Name: character.c.diff
Type: text/x-diff
Size: 597 bytes
Desc: not available
URL: <https://stat.ethz.ch/pipermail/r-devel/attachments/20090528/d1381eb7/attachment.bin>
#
Bill Dunlap
TIBCO Software Inc - Spotfire Division
wdunlap tibco.com
Would your patched code affect the following
use of regexpr's output as input to substr, to
pull out the matched text from the string?
   > x<-c("ooo","good food","bad")
   > r<-regexpr("o+", x)
   > substring(x,r,attr(r,"match.length")+r-1)
   [1] "ooo" "oo"  ""   
   > substr(x,r,attr(r,"match.length")+r-1)
   [1] "ooo" "oo"  ""   
   > r
   [1]  1  2 -1
   attr(,"match.length")
   [1]  3  2 -1
   > attr(r,"match.length")+r-1
   [1]  3  3 -3
   attr(,"match.length")
   [1]  3  2 -1
#
William Dunlap wrote:
no; same output
no; same output
for the positive indices there is no change, as you might expect.

if i understand your concern, the issue is that regexpr returns -1 (with
the corresponding attribute -1) where there is no match.  in this case,
you expect "" as the substring. 

if there is no match, we have:

    start = r = -1 (the start you index provide)
    stop = attr(r) + r - 1 = -1 + -1 -1 = -3 (the stop index you provide)
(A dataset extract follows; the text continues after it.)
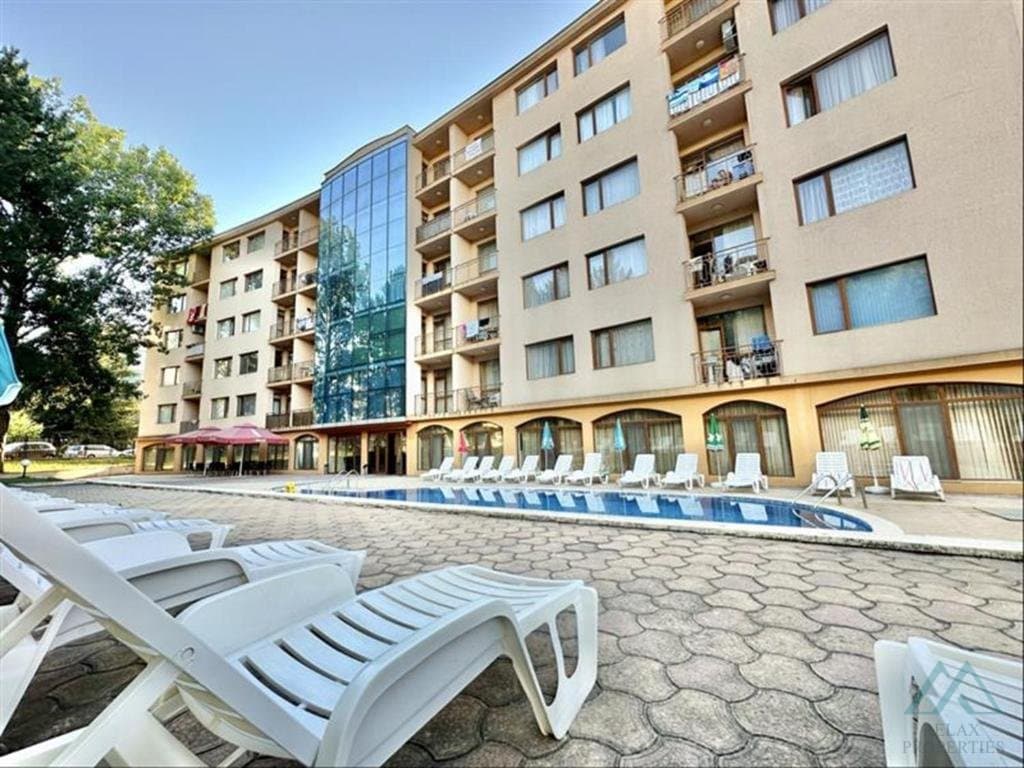 Skvělá cena! 2+kk apartmán pouhých 350 m od moře, Slunečné pobřeží - foto 11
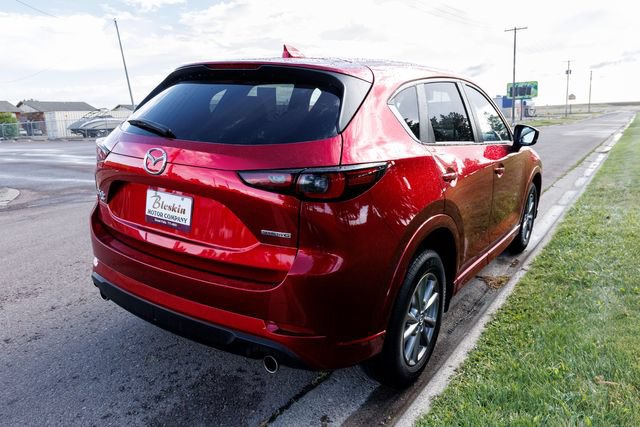 Used 2025 MAZDA CX-5 AWD 2.5 S w/ Select Package image 5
for a string of length n, my patch computes the final indices as follows:

    start' = n + start - 1
    stop' = n + stop - 1

whatever the value of n, stop' - start' = stop - start = -3 - 1 = -4. 
that is, stop' < start', hence an empty string is returned, by virtue of
the original code.  (see the sources for details.)

does this answer your question?

vQ
#
Wacek Kusnierczyk wrote:
except for that stop - start = -3 - -1 = -2, but that's still negative,
i.e., stop' < start'.
silly me, sorry.

vQ